Even If Thrown Into a Trade, Jason Thompson is Not a Throw-in

Since the Day of Doom, rumors have been placing Jason Thompson as a throw-in for draft day deals. First, it was the No. 4 pick and Thompson to Memphis or Oklahoma City for (one would assume) Ricky Rubio. Now we have Rajon Rondo for the No. 4 pick and Thompson. With less than two weeks to go, the rumor mill will ramp up and we'll hear even more. And unfortunately, we'll hear Thompson being termed as a "throw-in."

I have two issues with this. One, the term "throw-in" has some unsavory attributes attached. It implies the "throw-in" is beyond the scope of the major pieces of the trade -- that, say, Rondo and the No. 4 are the critical pieces, and Thompson is just a condiment to make the numbers work. That's obviously not true in the sense that it's likely (in my opinion) Boston wouldn't do the deal without Thompson, and Sacramento wouldn't do the deal with Thompson. Same with the Memphis-Sacramento rumor. Memphis sure as hell isn't giving up the No. 2 for the No. 4 without getting an extra piece of some quality. Sacramento, on the other end, won't be casual about making Thompson available.

In other words, in all of these rumored deals, Thompson is a central component. Not a condiment. Chad Ford is reporting this right to a degree -- that Boston isn't giving up Rondo without getting a good piece like Thompson back. As in, it doesn't work logically without something else of value (or that's the thinking, at least). But the implication, as well as Ford's quickness in attaching Thompson a bit casually to other rumors, such as the Memphis one, is that neither team really cares about Thompson all that much, and if he'll help land Rondo or Rubio the Kings really don't mind. That may true, but the idea that the Kings don't value Thompson and would only give him up in for a player they desperately desire isn't accurate. And again, Ford's not really saying that. But the implication comes in, and we all get hung up on that.

When we're evaluating these types of rumors to figure out whether they make us happy or sad, we need to detach ourselves from the snap "I like JT!, so no!" reaction and really weigh everything. Don't fall into the rationale that "Rondo for the No. 4 sounds good to me, so I say no to the No. 4 plus Thompson." The question should be: is Rondo worth the No. 4 and Thompson? The question should be: is Rubio worth the No. 4 and Thompson?
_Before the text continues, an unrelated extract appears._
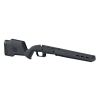 KYGUNCO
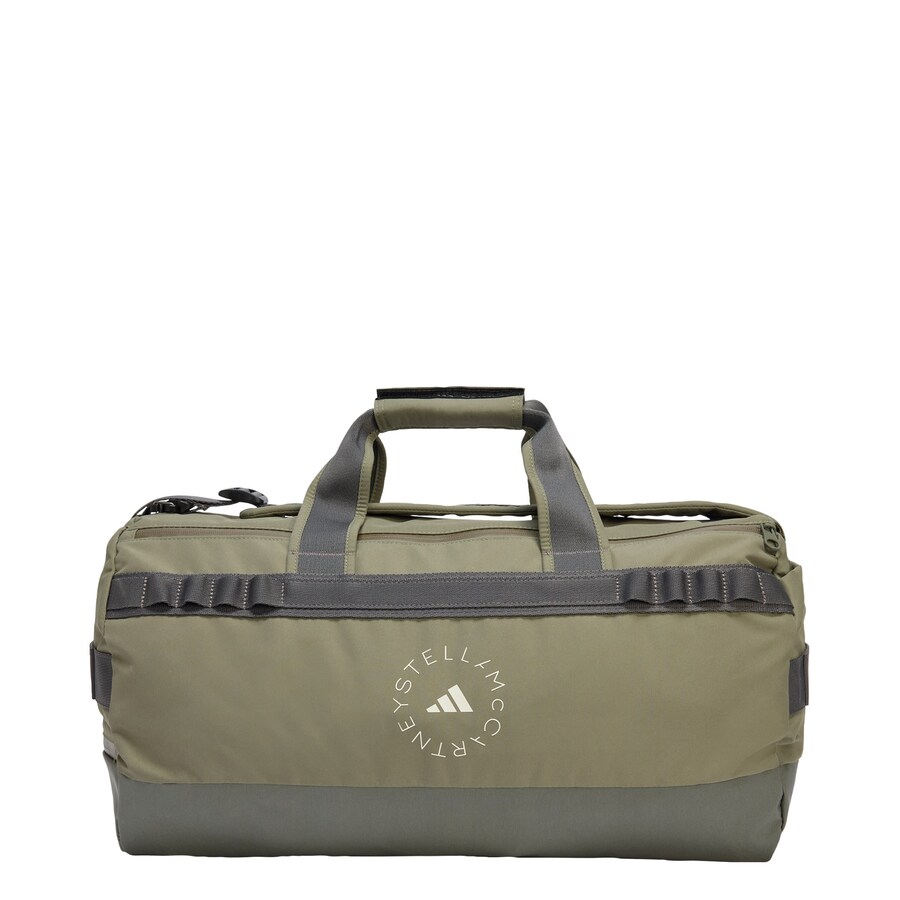 Спортивная сумка ADIDAS BY STELLA MCCARTNEY 24/7, Olive
Спортивная сумка ADIDAS BY STELLA MCCARTNEY 24/7, Olive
I have trouble signing on to either idea. Things are too murky with Rubio's status to give an accurate answer as to whether he's worth it. I mean, with every passing day the hope that Rubio will be available at No. 4 grows in strength. With that in mind, it's impossible to advocate trading up. Geoff Petrie and Jason Levien will better know whether Memphis is in a position to pick him, or whether Oklahoma City will trade down so someone else can grab him. On Rondo, it's (again) tough to discern based on our vantage point. The idea that (again) Rubio could be available at No. 4 worries me -- would you give up Rubio and Thompson for a player like Rondo? I probably would not, but I've got Ricky colored glasses on.

But the key, again, is understanding that any deal including Thompson will be weighed by the Kings on the merits of giving up Thompson to secure the targeted player. He's not Ike Diogu. The team understands that.